Ia bersyukur, saat ini banyak santri yang merasa percaya diri. "Gempita merasa menjadi santri tampak menggema di Tanah Air hari-hari ini. Berbagai pernyataan, jargon, dan upacara untuk menunjukkan diri sebagai santri meluas di mana-mana," kata dia dalam keterangan tertulis yang diterima Republika.co.id, Selasa (23/10).
Menurut dia, kenyataan itu menjadi pertanda baik akan adanya wujud keislaman yang lebih berkualitas dari umat Islam di Indonesia. Ia berharap, peran santri dapat mewarnai kehidupan Indonesia menjadi lebih baik dengan nilai-nilai luhur Islam.
Ia menyatakan, dengan pengaruh santri, Indonesia dapat menjadi negara dan bangsa yang bebas dari korupsi. Bukan justru sebaliknya, memanfaatkan kekuasaan, melakukan kekerasan, kemaksiatan, dan segala keburukan yang membuat citra negeri ini terpuruk.
"Kesantrian itu harus menunjukkan jiwa, pikiran, perilaku, dan tindakan keislaman yang benar-benar Islami secara nyata. Bukan dalam klaim dan retorika," ujar dia.

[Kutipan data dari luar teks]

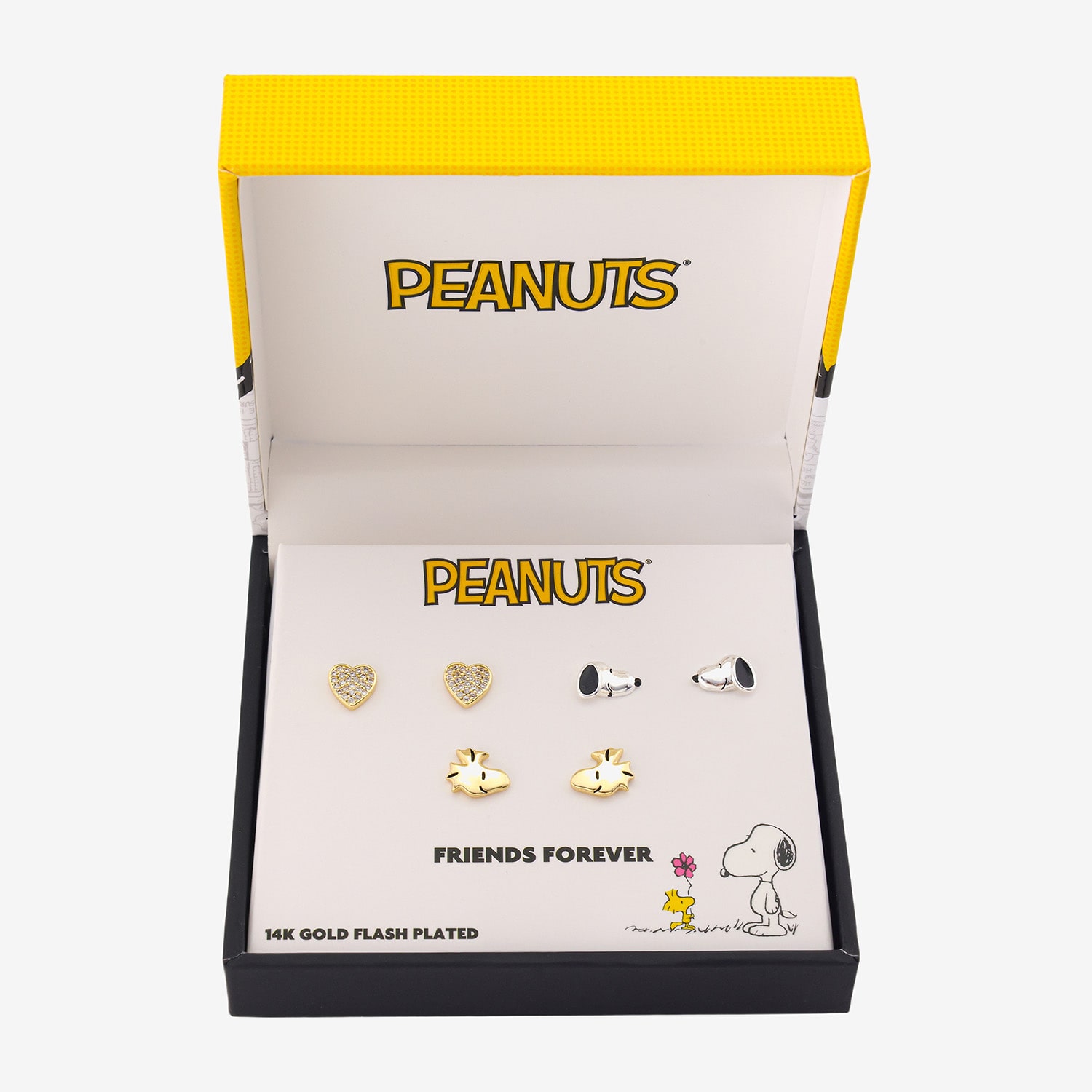 Disney Classics Womens Cubic Zirconia Peanuts 3 Pair Earring Set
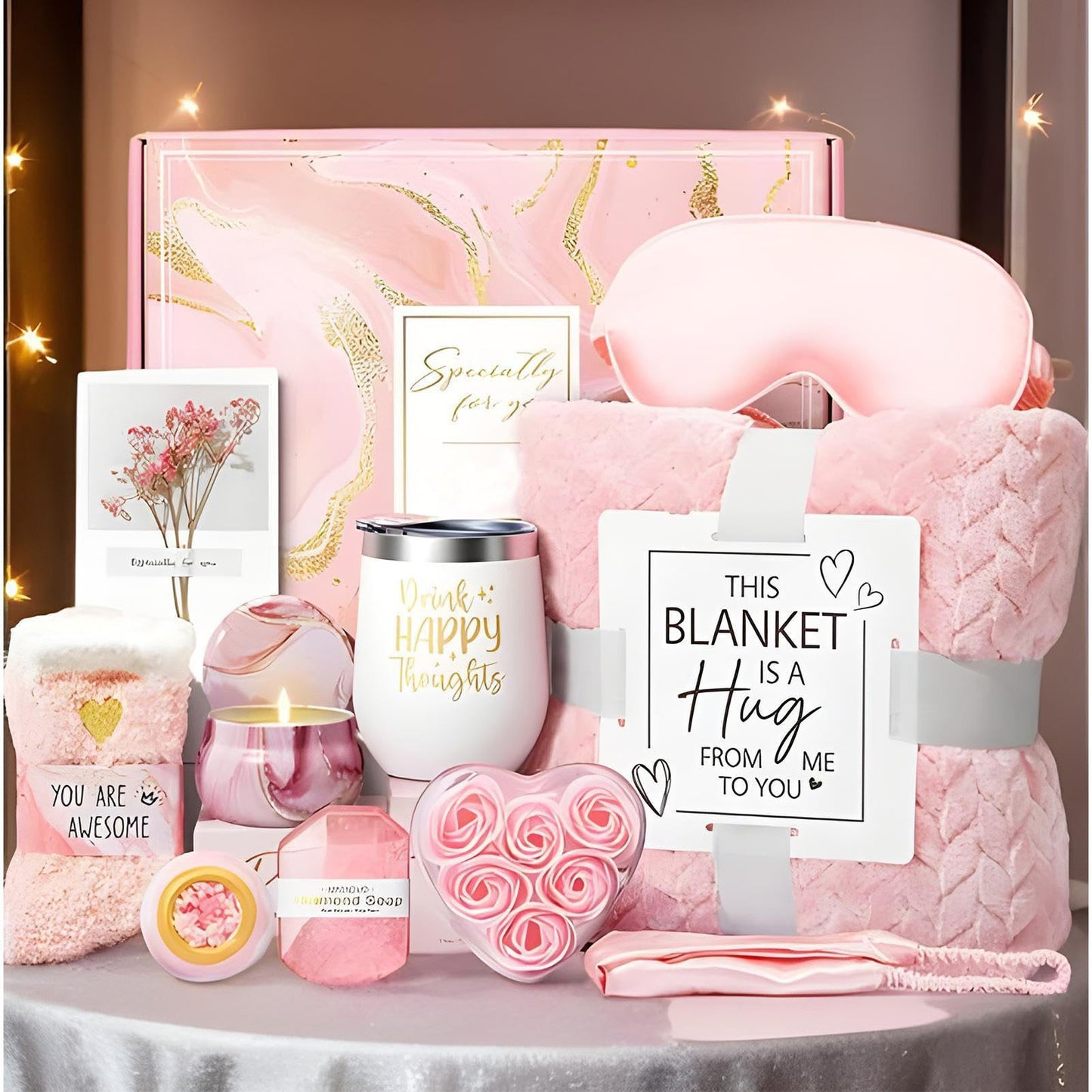 Pink Spa Gift Basket Set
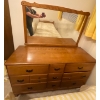 Image 1 : Vintage Walnut 9 Drawer Dresser w/ Mirror 53x17x55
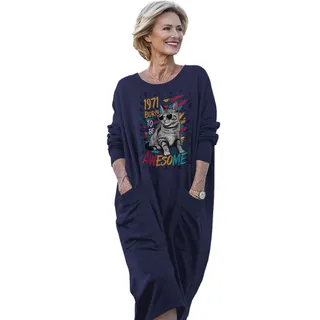 Cool Cat 1971 Birthday Pocket Dress – Blue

Ia menjelaskan, secara umum santri merupakan julukan bagi seseorang yang mengikuti pendidikan agama Islam di pesantren. Karena itu, julukan santri melekat dengan dunia pesantren yang mendidik beragama dengan benar dan baik.
Bahkan, kata dia, santri telah menjadi kategori keagamaan untuk menunjuk Muslim yang taat menjalankan agama Islam. Selain itu, santri sering disimbolkan kaum putih sebagai perlambang bersih atau suci, lawannya abangan.
"Jadi, betapa luhur status keislaman kaum santri sehingga bukan atribut yang sembarangan," kata dia.
Dengan demikian, kaum santri harus menunjukkan sikap, tutur kata, dan tindakan yang berakhlak mulia. Sebagaimana diajarkan di pesantren, kata dia, santri harus merepresentasikan akhlak jujur, amanah, menjaga lisan, sopan santun, damai, toleran, seimbang, kata sejalan tindakan, dan segala perangai yang mulia, serta menebar rahmat bagi orang lain dan lingkungannya.
Sebaliknya, lanjut dia, kaum santri menjauhi segala perilaku merugikan diri sendiri, orang lain, dan lingkungannya. Menurut dia, santri tidak melakukan akhlak yang buruk, seperti kekerasan kepada siapa pun dan apa pun, seperti menyiksa, membakar, dan berbuat onar atau anarkis di ruang publik atas nama perbuatan baik.
"Santri tidak dibenarkan berbuat sekehendaknya, apalagi dengan menggunakan alasan agama dan nasionalisme. Jika berbeda paham atau pandangan, kaum santri tetap baik, damai, dan toleran sebagai wujud ukhuwah," kata dia.
Ia menegaskan, jika kaum santri dapat menunjukkan uswah hasanah atau teladan yang baik, umat dan bangsa akan menjadi khaira ummah. Sebaliknya, ketika santri tidak mampu menunjukkan keteladanan, kepercayaan publik akan menghilang.
"Tentu saja berdampak luas pada citra umat Islam di negeri ini," ujar dia.